■ Records from a data collection:
········

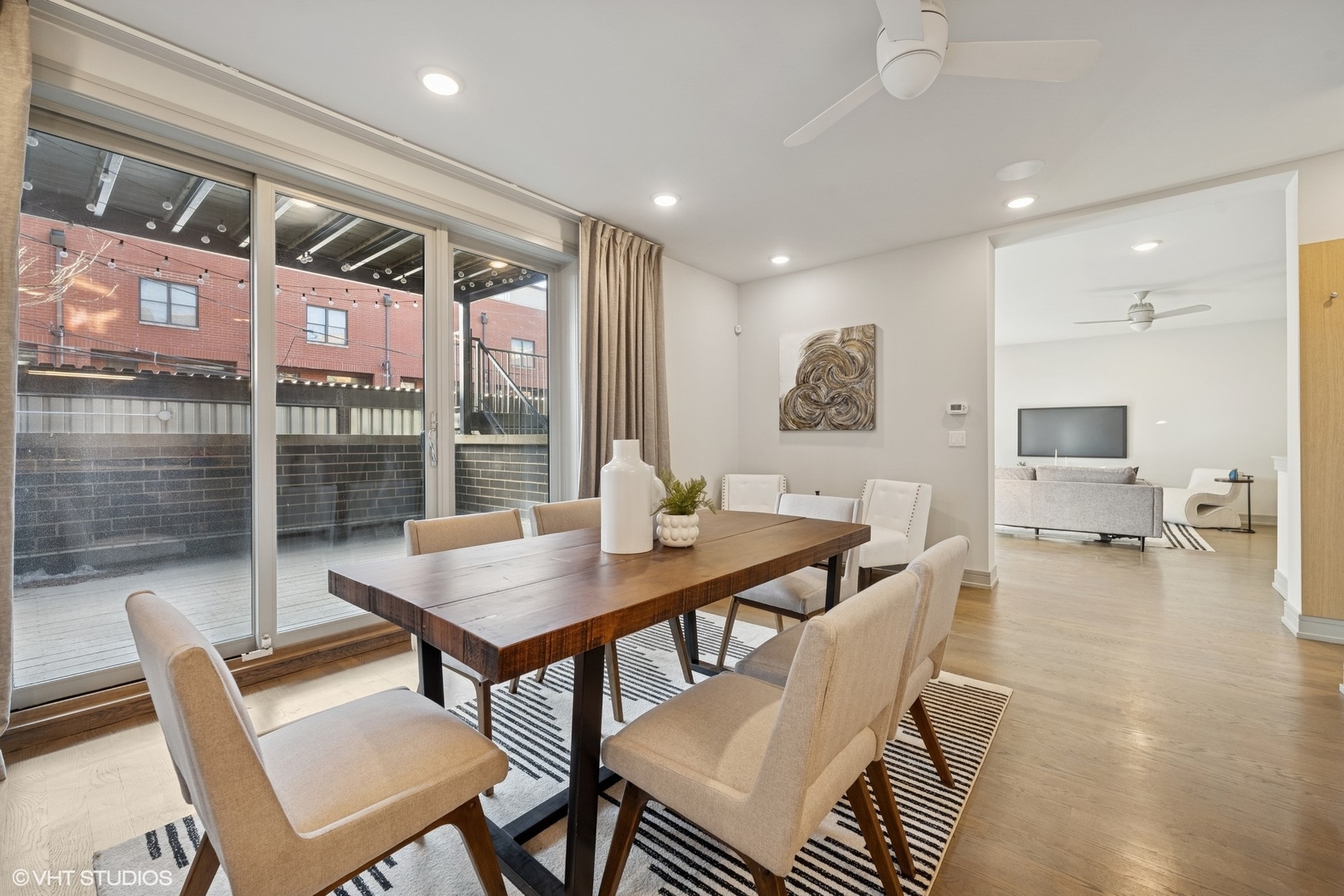 4956 N Western Avenue Unit: 1W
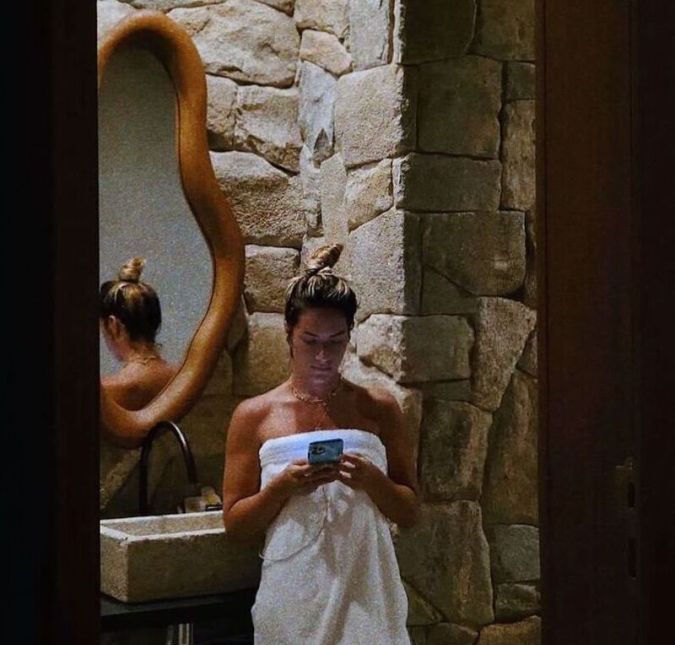 Bruno Gagliasso adora postar fotos alternativas de Giovanna Ewbank nas redes sociais. As legendas carregam, geralmente, algum elogio ou declaração e deixam os internautas caindo de amores. Dessa vez, o ator compartilhou um momento íntimo da esposa de toalha no banheiro. O casal estava com os filhos no rancho da família. Bom final de tarde com ela... Giovanna, te amo!, escreveu Bruno. Veja, a seguir, outros momentos da família Ewbank-Gagliasso!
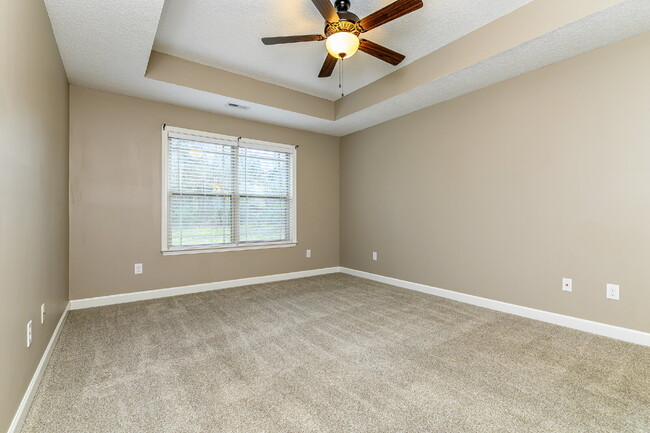 Building Photo - Charming 3-bed, 2-bath, 2017-construction ...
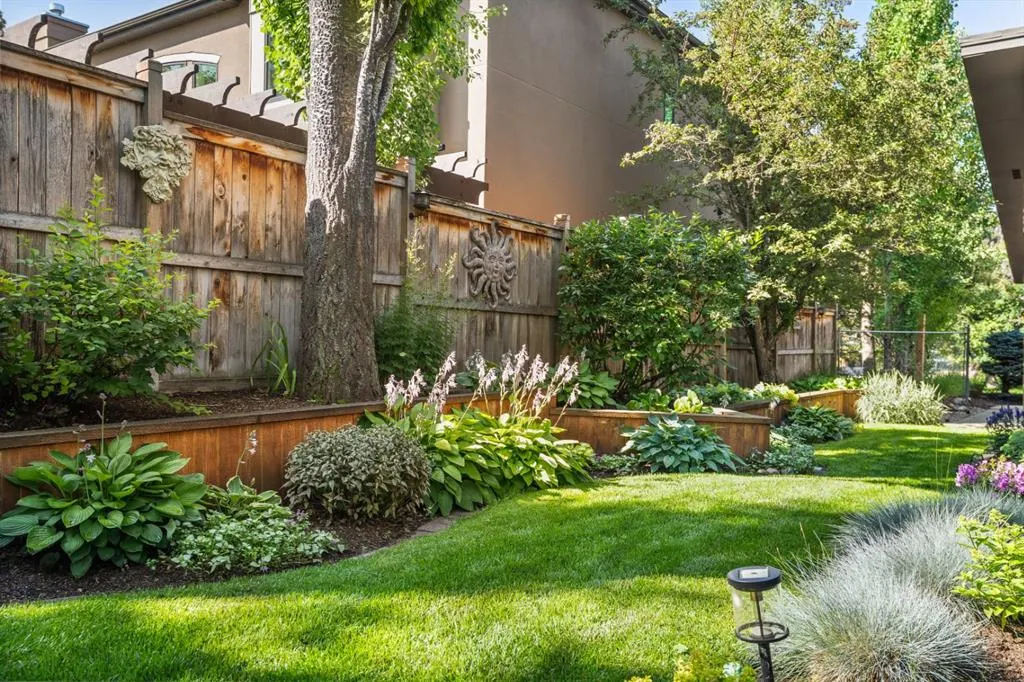 36 Baycrest Place SW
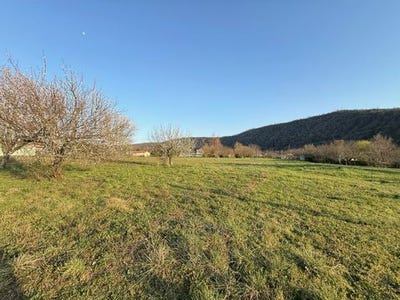 /international/fr/douelle-midi-pyrenees-310106067837/
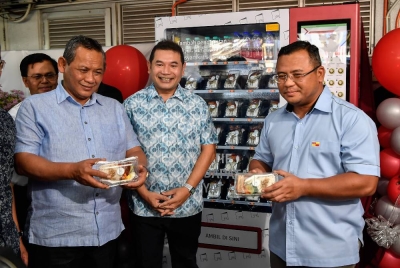 Rafizi (tengah) bergambar selepas Majlis Pelancaran Inisiatif Pendapatan Rakyat (IPR) di LRT Cempaka, pada Ahad. Turut serta, Amirudin (kanan) dan Aminuddin. - Foto Bernama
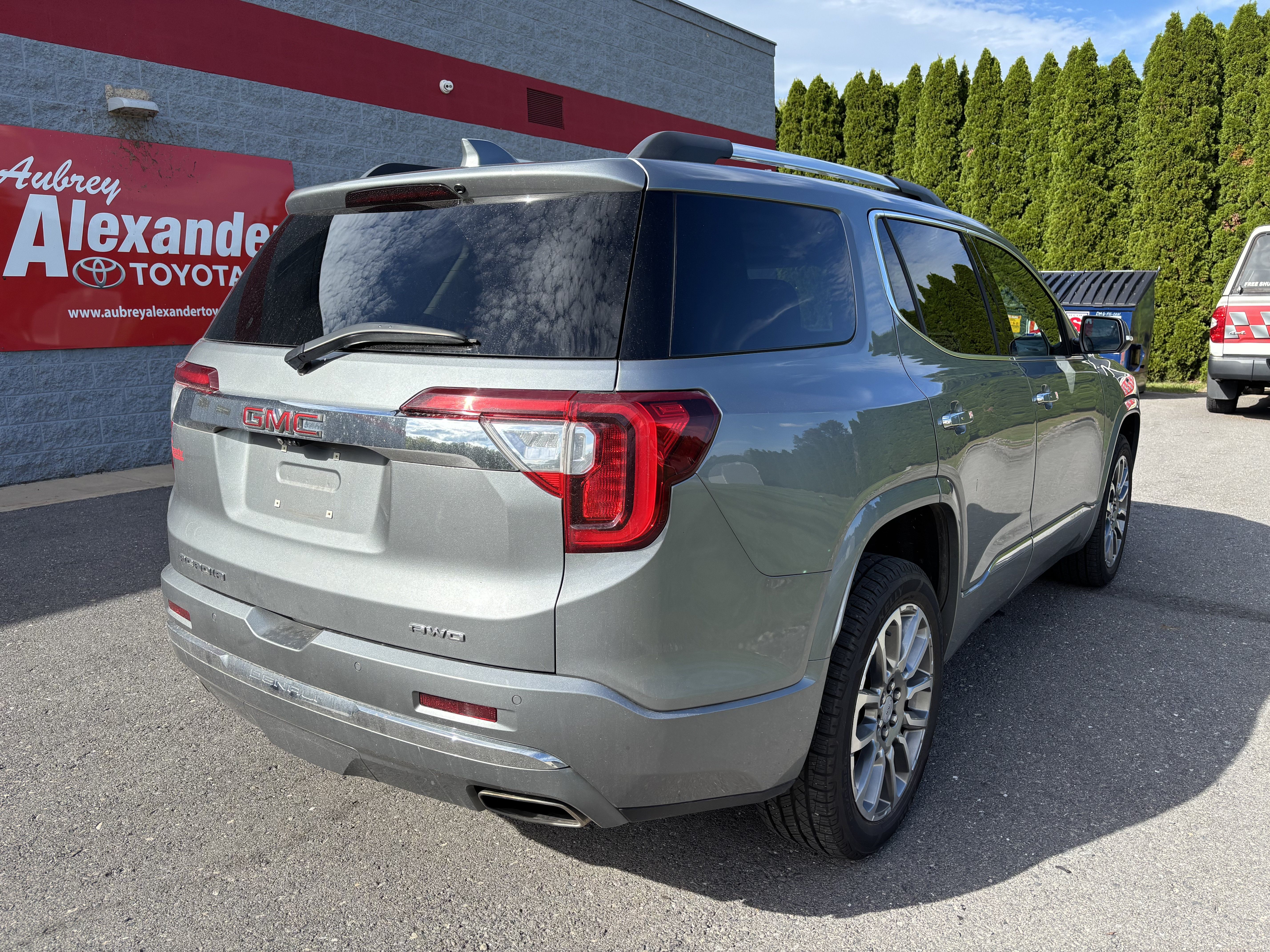 Used 2023 GMC Acadia Denali w/ Denali Technology Package AWD/4WD image 3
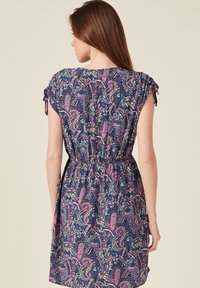 Marineblaues Kleid mit einem Paisley-Muster in Pink und Grün. Verfügt über kurze Ärmel mit Bindebändern, einen elastischen Bund und eine lockere Passform.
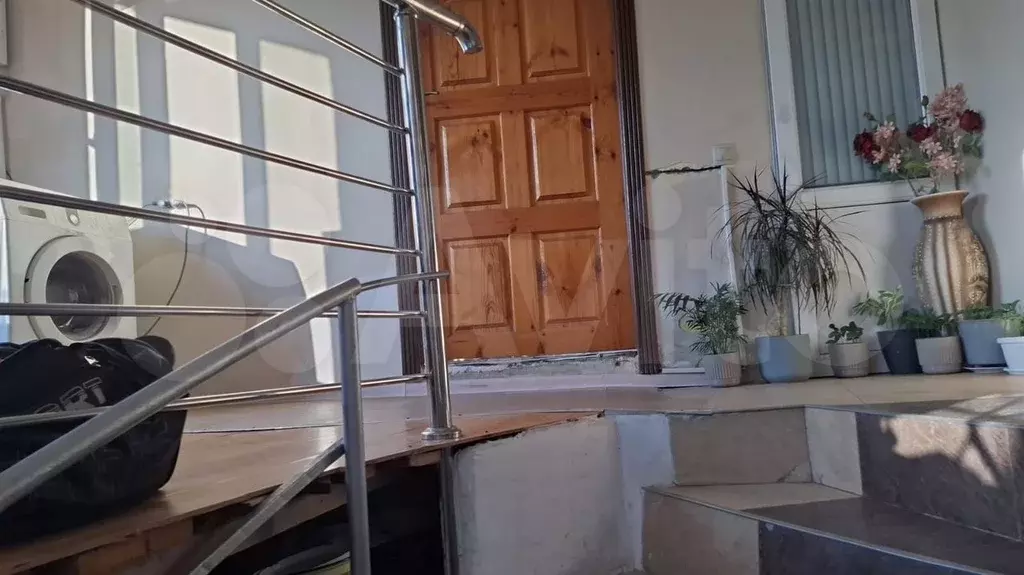 Комната 40 м в 1-к., 1/2 эт. - Фото 0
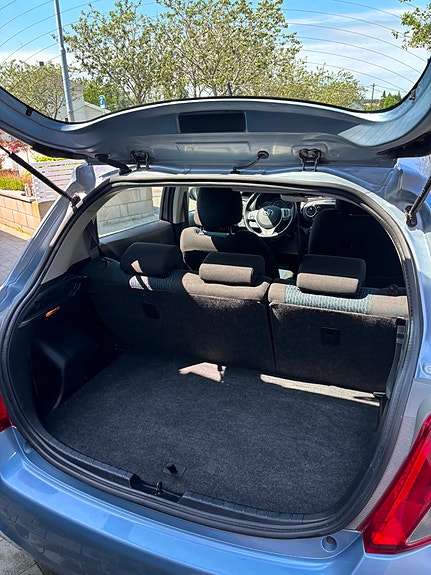 Toyota Yaris 7 of 9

········

■ The problem:
Please repeat all of the data exactly, excluding images.

■ Exercise output:
 4956 N Western Avenue Unit: 1W
 Bruno Gagliasso adora postar fotos alternativas de Giovanna Ewbank nas redes sociais. As legendas carregam, geralmente, algum elogio ou declaração e deixam os internautas caindo de amores. Dessa vez, o ator compartilhou um momento íntimo da esposa de toalha no banheiro. O casal estava com os filhos no rancho da família. Bom final de tarde com ela... Giovanna, te amo!, escreveu Bruno. Veja, a seguir, outros momentos da família Ewbank-Gagliasso!
 Building Photo - Charming 3-bed, 2-bath, 2017-construction ...
 36 Baycrest Place SW
 /international/fr/douelle-midi-pyrenees-310106067837/
 Rafizi (tengah) bergambar selepas Majlis Pelancaran Inisiatif Pendapatan Rakyat (IPR) di LRT Cempaka, pada Ahad. Turut serta, Amirudin (kanan) dan Aminuddin. - Foto Bernama
 Used 2023 GMC Acadia Denali w/ Denali Technology Package AWD/4WD image 3
 Marineblaues Kleid mit einem Paisley-Muster in Pink und Grün. Verfügt über kurze Ärmel mit Bindebändern, einen elastischen Bund und eine lockere Passform.
 Комната 40 м в 1-к., 1/2 эт. - Фото 0
 Toyota Yaris 7 of 9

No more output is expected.